# Help me commit to my Euro trip!



## surskitty (Nov 21, 2011)

WHEN: SOMETIME BETWEEN THE COMING MAY AND AUGUST
HOW LONG: Somewhere between a week and a half to a month, depending on how much of my own money I'd need to spend on things like food and places to sleep
WHERE: At least part of this will be in the UK.  Possibly all, depending on how much it costs to add other legs and assuming that I have some place to stay that does not cost me notable money.
MY BUDGET: ... is not so big.  I can manage this a hell of a lot better if I don't have to worry about lodging.  Also, note I can't drive.  I gather this is much less of a problem on the other side of the pond, but it's still worth noting.
PLANS: MEET SOME OF YOU NERDS.  MOSTLY NERDS I HAVE KNOWN FOR YEARS, BUT IF I DON'T REALLY KNOW YOU AND YOU'RE COOL AND YOU'RE CLOSE TO SOMEONE I DO KNOW, THAT'S DEFINITELY FINE TOO :D

Iiiii think early June is best?  But I am rather flexible; it is not as though I have obligations or anything.  Does anyone know if they could put me up for at least part of ... whenever it is?  What sort of things should I do?  What am I forgetting to ask?

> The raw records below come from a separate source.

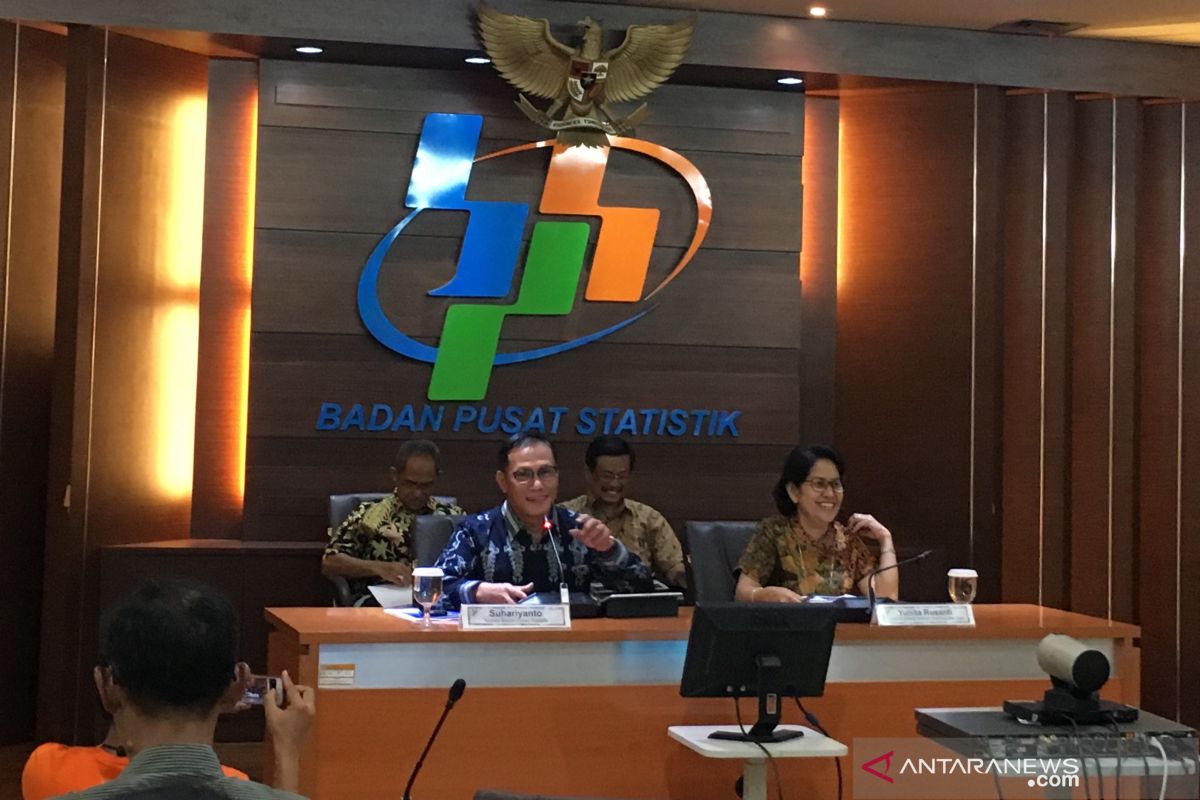 BPS: Neraca perdagangan Februari 2019 surplus, meski ekspor turun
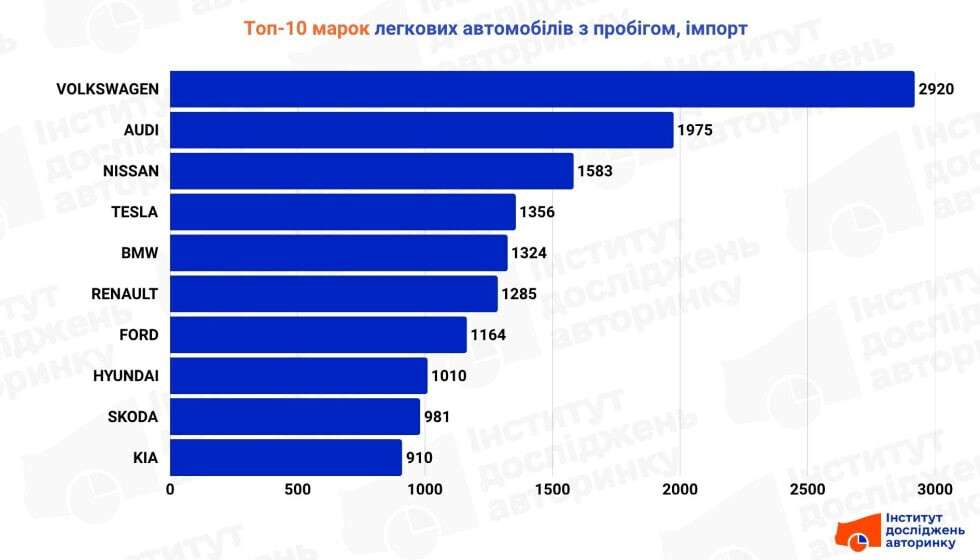 Рейтинг імпортованих вживаних авто за червень 2025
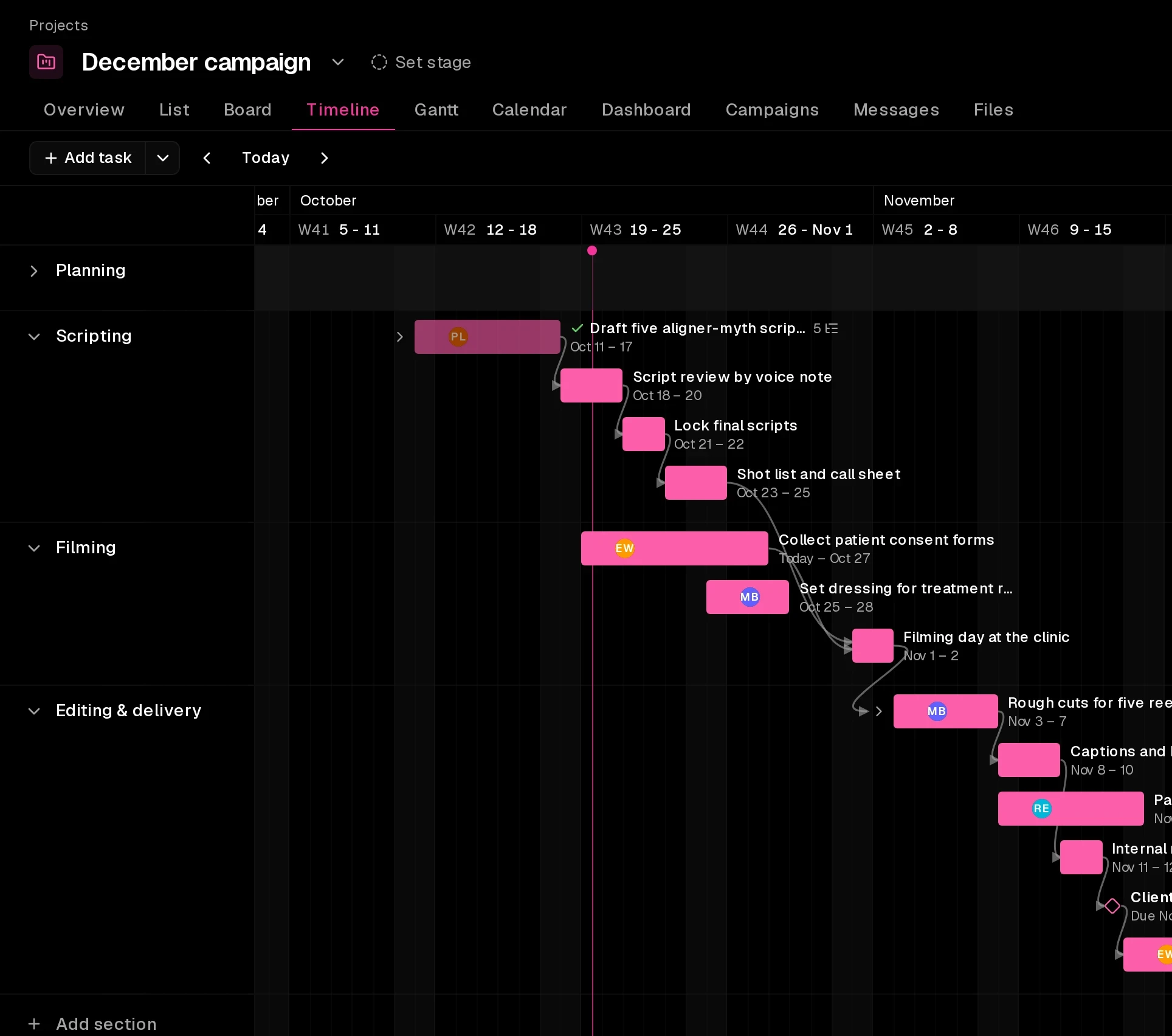 A demo December campaign project on a timeline: task bars across six weeks in four sections, from scripting to delivery, chained by dependency arrows, with a today line and a client sign-off milestone.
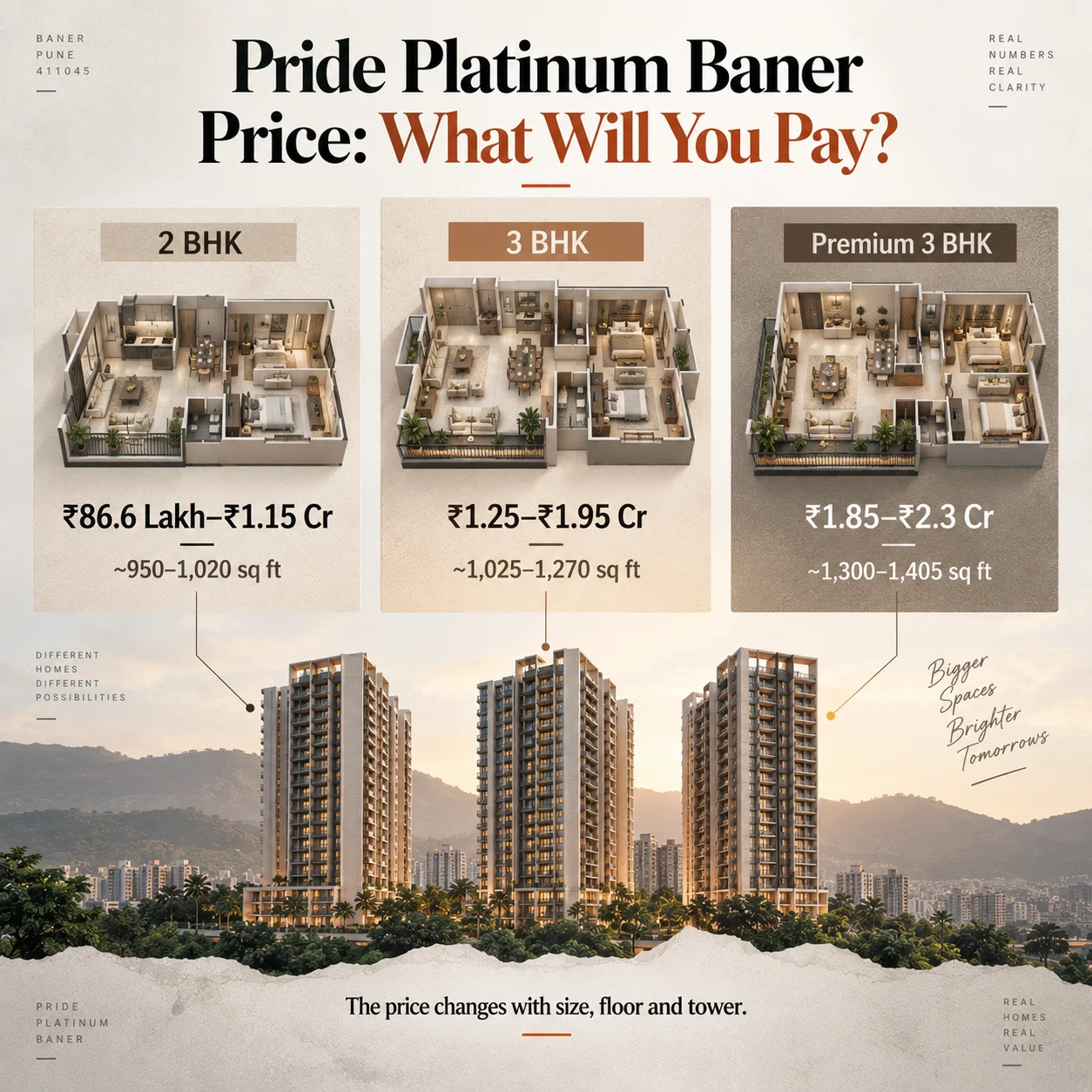 Price & Carpet Area 2026 — What Will You Actually Pay?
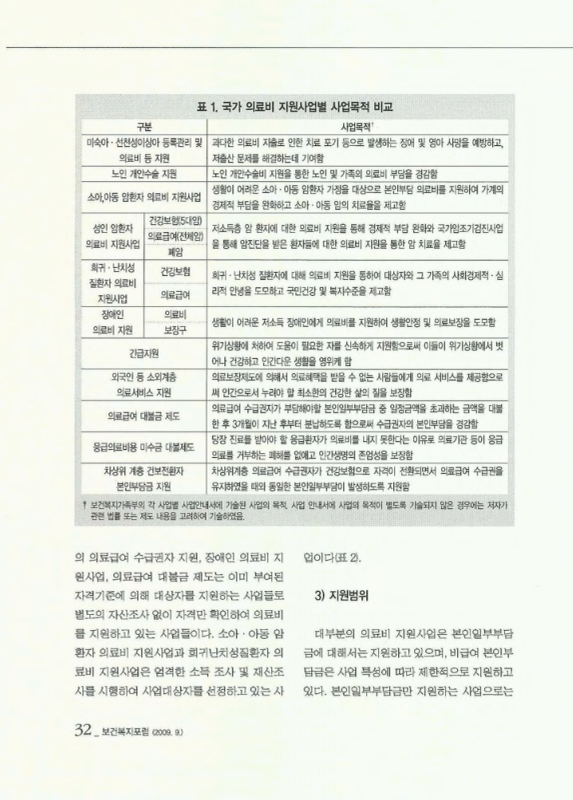 미리보기 이미지 4번째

I do have a passport, if you're wondering.


----------



## Minish (Nov 21, 2011)

! If you can, are you not going to make it around Expo time (I think 28th/29th May)? Really, it's the best time to catch UKians (+ Butterfree) around, and whoever you end up staying with probably will be going there!! It's pretty cheap if you don't buy anything, you just need to be in London. 

Iiii would offer some assistance but now I live in north Scotland, so. :D

EDIT: OKAY okay probably 'between' means genuinely between so maybe this post isn't helpful at all. Is there really no way you can't make it then, though? :C If you do end up going off with someone you can just go home with them!!


----------



## surskitty (Nov 21, 2011)

I could indeed make it around Expo time (I'm free from mid-May to probably mid-August), but the problem is that I am not good with huge crowds and things being loud for extended lengths of time.  The only large con I've ever been to is Otakon, but I was ... kind of unhappy most of the time because there really weren't many places I could escape off to where stuff was still happening so it was like ... do things, or be able to actually pay attention to shit?  And it was just kinda ... yeah, don't want to do that again.  I don't know how London Expo compares, but like I'm fine with crowds as long as the crowd isn't the _point_ and it kind of is for cons.

So while I'm fine for the timeframe London Expo is in, I'm inclined to think I'd find London Expo more nervewracking than fun.

Going to north Scotland sounds like it would be cool, though!


----------



## opaltiger (Nov 21, 2011)

If you're here in early to mid June, after my exams, I could put you up for a couple of days.


----------



## Tarvos (Nov 21, 2011)

Public transport is affordable on the main continent, but in the UK it is heinously expensive.

I have no idea how busy I'll be during that time, because I'll hopefully be in the middle of my thesis. If you want cheap lodging, go for hostels or CouchSurfing.


----------



## Harlequin (Nov 21, 2011)

If you're here in sort of the May/June area I could host you in Cardiff, if you're at all interested in being here!


----------